**YOUR TASK:** Check the records below for the word "year" and state how many lines contain it, replying with the number only.

**AVAILABLE RECORDS:**
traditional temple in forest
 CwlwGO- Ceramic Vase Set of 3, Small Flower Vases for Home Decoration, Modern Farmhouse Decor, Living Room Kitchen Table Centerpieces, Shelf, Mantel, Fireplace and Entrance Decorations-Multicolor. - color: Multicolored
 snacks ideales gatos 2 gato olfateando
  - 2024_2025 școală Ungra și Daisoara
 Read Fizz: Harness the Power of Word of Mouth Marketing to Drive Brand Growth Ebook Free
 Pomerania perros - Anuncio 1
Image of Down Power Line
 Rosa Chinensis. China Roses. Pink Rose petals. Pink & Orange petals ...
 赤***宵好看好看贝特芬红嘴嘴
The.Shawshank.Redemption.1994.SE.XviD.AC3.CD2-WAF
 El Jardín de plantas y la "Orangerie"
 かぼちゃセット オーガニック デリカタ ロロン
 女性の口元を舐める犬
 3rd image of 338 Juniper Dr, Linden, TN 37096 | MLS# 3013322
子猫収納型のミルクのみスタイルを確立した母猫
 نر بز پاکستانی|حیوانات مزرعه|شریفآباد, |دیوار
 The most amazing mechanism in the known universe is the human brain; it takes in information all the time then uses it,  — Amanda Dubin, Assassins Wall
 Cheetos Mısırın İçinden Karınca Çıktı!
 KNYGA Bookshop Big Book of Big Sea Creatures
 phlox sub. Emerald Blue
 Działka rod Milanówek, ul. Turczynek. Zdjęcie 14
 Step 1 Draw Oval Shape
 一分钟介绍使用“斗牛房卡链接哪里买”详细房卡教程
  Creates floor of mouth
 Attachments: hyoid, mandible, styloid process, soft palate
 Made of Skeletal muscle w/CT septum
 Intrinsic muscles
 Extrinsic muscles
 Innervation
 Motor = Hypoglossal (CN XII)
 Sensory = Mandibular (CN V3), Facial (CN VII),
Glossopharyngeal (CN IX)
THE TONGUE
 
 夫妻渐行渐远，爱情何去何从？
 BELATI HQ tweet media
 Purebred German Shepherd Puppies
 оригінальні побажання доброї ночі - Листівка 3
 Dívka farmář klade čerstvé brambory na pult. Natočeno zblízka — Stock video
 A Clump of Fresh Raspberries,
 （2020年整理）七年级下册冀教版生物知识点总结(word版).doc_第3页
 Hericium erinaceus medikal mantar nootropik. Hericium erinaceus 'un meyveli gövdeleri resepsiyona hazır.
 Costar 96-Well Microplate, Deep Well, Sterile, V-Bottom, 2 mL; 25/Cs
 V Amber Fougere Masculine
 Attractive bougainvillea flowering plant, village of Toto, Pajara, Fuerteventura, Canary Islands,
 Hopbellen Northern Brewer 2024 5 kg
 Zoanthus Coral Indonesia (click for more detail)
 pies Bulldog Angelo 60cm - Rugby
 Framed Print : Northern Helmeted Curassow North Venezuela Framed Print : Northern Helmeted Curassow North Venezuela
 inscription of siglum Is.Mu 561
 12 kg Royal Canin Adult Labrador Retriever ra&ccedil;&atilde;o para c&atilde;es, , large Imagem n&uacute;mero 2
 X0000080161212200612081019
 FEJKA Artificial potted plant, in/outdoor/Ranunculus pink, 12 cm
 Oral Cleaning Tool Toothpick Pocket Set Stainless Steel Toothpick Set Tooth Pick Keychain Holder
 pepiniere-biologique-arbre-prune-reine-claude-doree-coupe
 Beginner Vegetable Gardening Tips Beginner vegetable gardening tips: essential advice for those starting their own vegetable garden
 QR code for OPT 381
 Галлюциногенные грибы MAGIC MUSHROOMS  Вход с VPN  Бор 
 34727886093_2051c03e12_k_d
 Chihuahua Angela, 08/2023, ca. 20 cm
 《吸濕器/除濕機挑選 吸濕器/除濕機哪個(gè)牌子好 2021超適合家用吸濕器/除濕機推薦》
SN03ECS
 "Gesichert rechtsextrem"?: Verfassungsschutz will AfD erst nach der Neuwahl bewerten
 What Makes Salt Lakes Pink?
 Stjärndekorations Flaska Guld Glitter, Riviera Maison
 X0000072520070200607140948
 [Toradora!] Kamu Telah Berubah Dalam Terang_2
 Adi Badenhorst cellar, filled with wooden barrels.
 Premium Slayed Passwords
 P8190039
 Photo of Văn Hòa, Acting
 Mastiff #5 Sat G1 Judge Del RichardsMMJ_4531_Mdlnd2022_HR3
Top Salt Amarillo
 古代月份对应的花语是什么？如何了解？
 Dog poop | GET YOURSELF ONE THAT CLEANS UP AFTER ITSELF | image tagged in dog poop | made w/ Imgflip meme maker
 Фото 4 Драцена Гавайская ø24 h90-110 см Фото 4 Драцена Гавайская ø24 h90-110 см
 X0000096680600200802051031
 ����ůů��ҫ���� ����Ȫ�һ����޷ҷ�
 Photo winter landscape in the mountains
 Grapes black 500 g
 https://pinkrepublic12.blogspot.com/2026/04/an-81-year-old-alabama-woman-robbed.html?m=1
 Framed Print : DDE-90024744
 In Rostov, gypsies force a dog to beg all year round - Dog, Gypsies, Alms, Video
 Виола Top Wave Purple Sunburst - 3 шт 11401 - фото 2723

**OUTPUT OF THE EXERCISE:** 2